Whether you call it a career break or a sabbatical, this extended time from work is offered to millions of people around the globe and provides a lot of opportunities. While some people decide to kick back and enjoy umbrella drinks in the sun until the point of muscle atrophy, many want to work and travel simultaneously, padding their finances, gaining work experience and saving money by working abroad on their travels.

If you have decided to work abroad during your sabbatical from your current career, you need to understand that this isn’t an easy as you may think. There are various steps involved to working in a different country. So, before your next career break, let’s go over some vital information.


Steps to Take Before Working on Your Break

Firstly, Understand the Terms:

The first thing you have to be aware of before working abroad on your sabbatical is that not every company is going to allow you to work. For example, you may be under a strict contract wherein you cannot accept any type of job outside of that company. Some contracts even forbid volunteer work unless pre-approved.

So, before you decide to work and travel, make sure the “work” part is actually allowed by your company. Look over the terms of your contract, ask management about your options while telling them about your plans, and make sure that you tie up any loose ends so bad scenarios don’t arise; i.e. thinking you’re meeting the terms of your contract but wind up violating it due to a loophole.


Secondly, Make Sure You’re Qualified:

Next, make sure you have a firm grasp of the rules in the country or territory you’re visiting. Coming from Ireland, for example, you may not think much about a work and travel plan in Australia. However, every country is going to have different rules. Look into various aspects of the country, territory, and culture that you’re visiting:

  • Do you need a work visa?
  • Are there any tax implications or withholding issues?
  • Can money be put into international banks or be transferred abroad?
  • Is the job you want typically safe or culturally acceptable for you to work?

These are all issues you should address before working abroad and even before taking your career break.

Thirdly, Examine Your Options:

When you daydream in quiet moments about working abroad on sabbatical, you may have a fun, easygoing, high-paying job. The reality in some countries, however, might be a bit different. So before you end up in a work and travel nightmare, find out what types of jobs are available and where they’re available. Here are just a few of many options you may have available to you:

  • Teach English to foreigners (TEFL)
  • Working in a bar or night club
  • Working as an Au Pair (a foreign housekeeper or assistant, basically)
  • Picking fruit in places like Australia
  • Boat work in tropical places (shrimping, crabbing, fishing, greenhorn, etc)
  • Online work as a freelancer
  • Working at parks, museums and other public areas
  • Working as a tour guide

When you select the type of job you want to do on your career break, after making sure you qualify to work and that you’re able to work in the specific country, you want to begin working toward landing that job. For instance, if you want to keep working as a freelancer, it might be a good idea to develop a reputation while at home. If you’re going to work at a labor-intensive job, such as picking fruit, lawncare, etc, then make sure you have the stamina for it beforehand.
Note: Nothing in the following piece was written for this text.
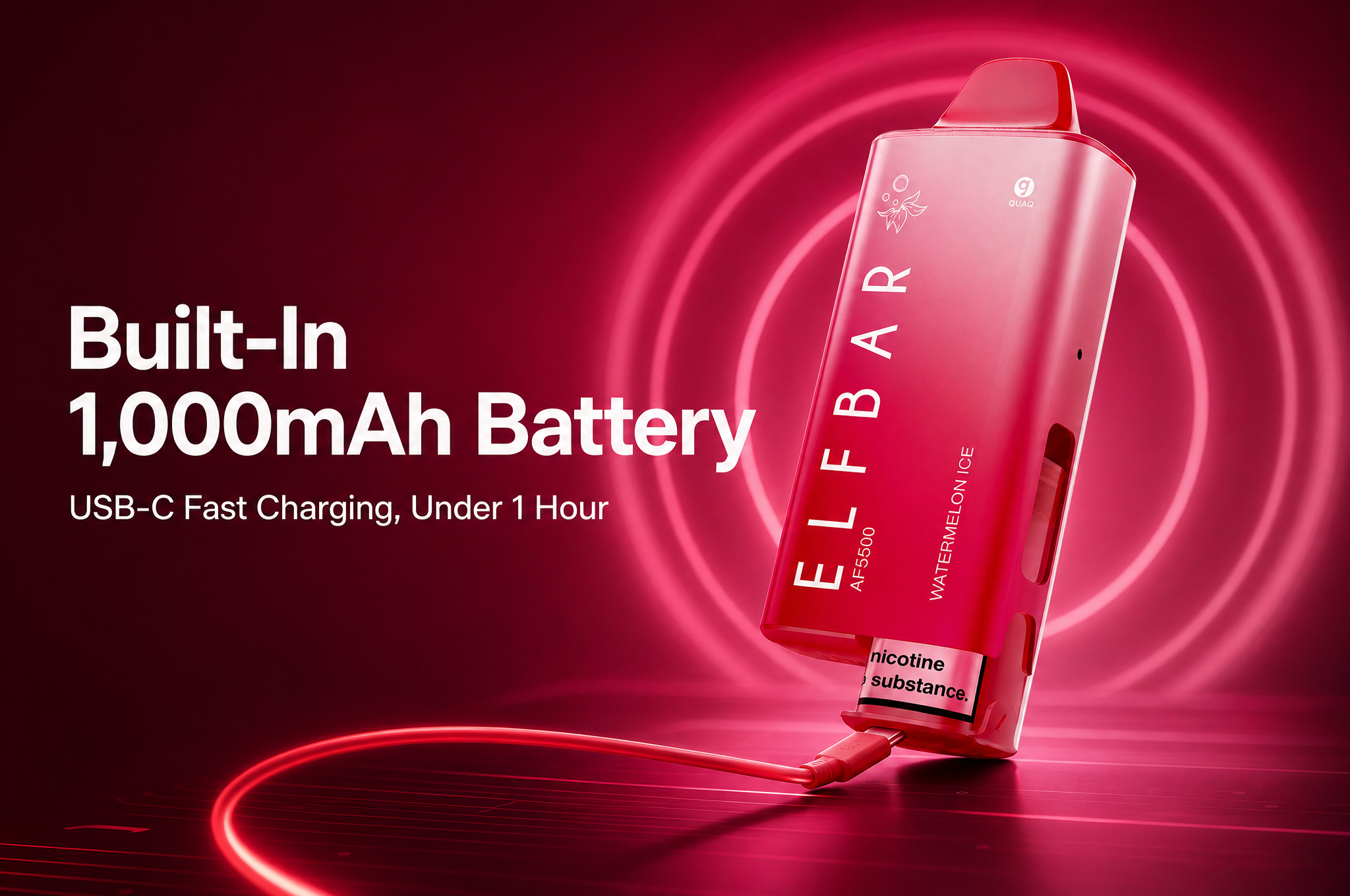 Elf Bar AF5500 1000mAh built-in battery and USB-C charging banner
Fourthly, Get Your Ducks in a Row:

Before heading out on your work and travel plan, make sure that everything is lined up. Create a checklist of the things you need to do so far, and don’t forget other important aspects of traveling. For instance, make sure that you have enough finances to get you started. You may not fall into a job instantly on your career break. While working abroad sounds nice and easy, you may have to struggle to find a job.

By having everything planned out in advance, you can take your sabbatical without having to deal with the stress of low finances.